Alternatively you can use the EPFL jupyter notebook service noto, however you will have to pip install some specific packages such as torchtext.

  1. First make sure you have (a virtual environment (e.g., venv, virtualenv, conda), and that the environment has) a Python version >= 3.6, per scikit-learn and torch requirements. If you are using the a Jupyter Notebook, make sure the interpreter points to the correct python executable.
  1. Then install the following packages into your venv:
pip install -U ipykernel
pip install -U ipywidgets
pip install -U pip setuptools wheel
pip install -U pandas
pip install -U matplotlib
pip install -U scikit-learn
pip install -U seaborn
pip install -U nltk
pip install -U torch
pip install -U torchtext==0.10.0
pip install -U torchdata
  1. Next, import the necessary packages:

Note: If this part of the code hangs, simply restart your kernel and rerun, sometimes importing packages multiple times can create a problem!

In [ ]:
# 1) Importing necessary packages:
# general
import os
import string
import random
from collections import Counter
#
import numpy as np
import pandas as pd
import matplotlib.pyplot as plt
import seaborn as sns
import nltk

print("1")
# dataset + processing
from sklearn.datasets import fetch_20newsgroups
from sklearn.preprocessing import normalize
from sklearn.model_selection import train_test_split #, KFold
from sklearn.feature_extraction.text import CountVectorizer, TfidfVectorizer
#
# from nltk import word_tokenize
# from nltk.stem import PorterStemmer
from nltk.corpus import stopwords

print("2")
# classification models
from sklearn.pipeline import Pipeline
from sklearn.naive_bayes import BernoulliNB, MultinomialNB
from sklearn.linear_model import LogisticRegression
import warnings
from sklearn.exceptions import ConvergenceWarning

print("3")
# metrics
from sklearn.metrics import accuracy_score, precision_score, recall_score, f1_score, confusion_matrix

# LSTM part's packages
import torch
import torch.nn as nn
import torch.optim as optim
from torchtext.legacy import data # nlp library of Pytorch
import warnings as wrn
wrn.filterwarnings('ignore')

print("4")
# 2) Setting the seed:
seed = 42
os.environ['PYTHONHASHSEED']=str(seed)
random.seed(seed)
np.random.seed(seed)

print("5")
In [ ]:
# 3) Downloading stopwords from NLTK (if you haven't done it before!)
nltk_stopwords_downloaded = True
if not nltk_stopwords_downloaded:
    nltk.download('stopwords')  

Now you are ready to start the exercises!

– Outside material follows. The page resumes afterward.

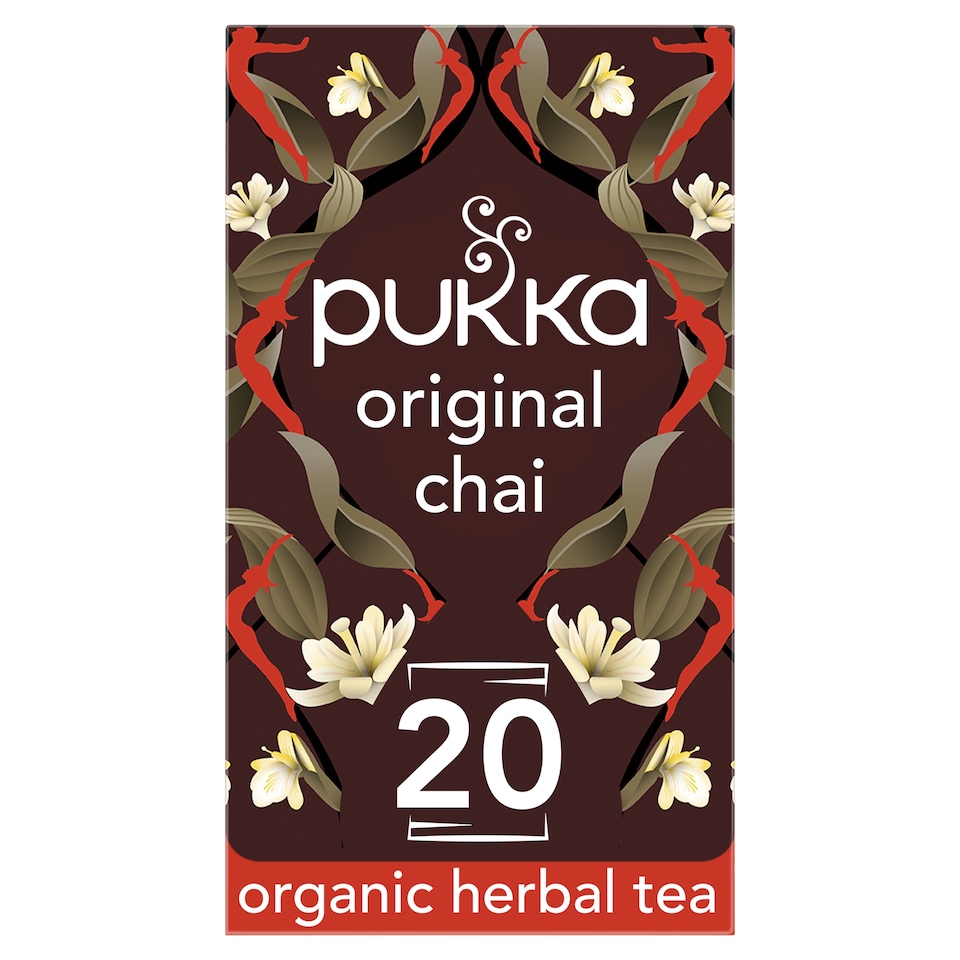 image 1 of Pukka Herbs Organic Fair Trade Original Chai 40G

1) Brief Data Analysis & Processing

a) Spam Dataset

To solve and evaluate the spam task, we will use the same annotated English sms corpus from Kaggle as the first practical session. You can download the data here. Simply put it in the same folder as the notebook you are running. As we have done the analysis and pre-processing in the first practical session, we will quickly run the same steps. Remember that the labels in the spam dataset are ill-balanced, heavily skewed towards the ham label.

In [ ]:
df = pd.read_csv("spam.csv", header=0, names=['label','sms'], usecols=[0,1])
# df.tail()
df.head()

As you can see there are 2 types of classes: "ham" & "spam". Let's take a look at their distribution.

In [ ]:
df['label'] = df['label'].replace(to_replace={'ham': 0, 'spam': 1})
print("Label percentages are:")
print(df.label.value_counts(normalize=True))

Then, to make sure that we don't overfit our models to the data, we split the data into train and test sets. We use the very convenient train_test_split function from scikit-learn. The test_size parameter allows us to choose what percentage of the data should be in the test set. $x$ is the sms message, while $y$ is the corresponding label to the sms.

In [ ]:
train_split_random_state = 11
X_train_spam, X_test_spam, y_train_spam, y_test_spam = train_test_split(
    df['sms'].values,
    df['label'].values,
    test_size=0.2, 
    random_state=train_split_random_state
)

print("Spam amount in train set: {} out of {} datapoints".format((y_train_spam == 1).sum(), len(y_train_spam)))
print("Spam percentage in train set: {}%".format(round((y_train_spam == 1).sum() / float(len(y_train_spam)) * 100, 4)))

print("Size of train set is: ", len(y_train_spam))
print("Size of test set is: ", len(y_test_spam))

b) 20 newsgroup Dataset

To solve and evaluate the news topic classification task, we will use the 20 newsgroup dataset that has 19K articles in 20 different news groups. We download the data through scikit-learn, so you don't have to manually download it. Let's take a look at the label distribution in this dataset.

In [ ]:
news = fetch_20newsgroups(subset='all')
print("Number of articles: ", len(news.data))
print("Number of different categories: ", len(news.target_names))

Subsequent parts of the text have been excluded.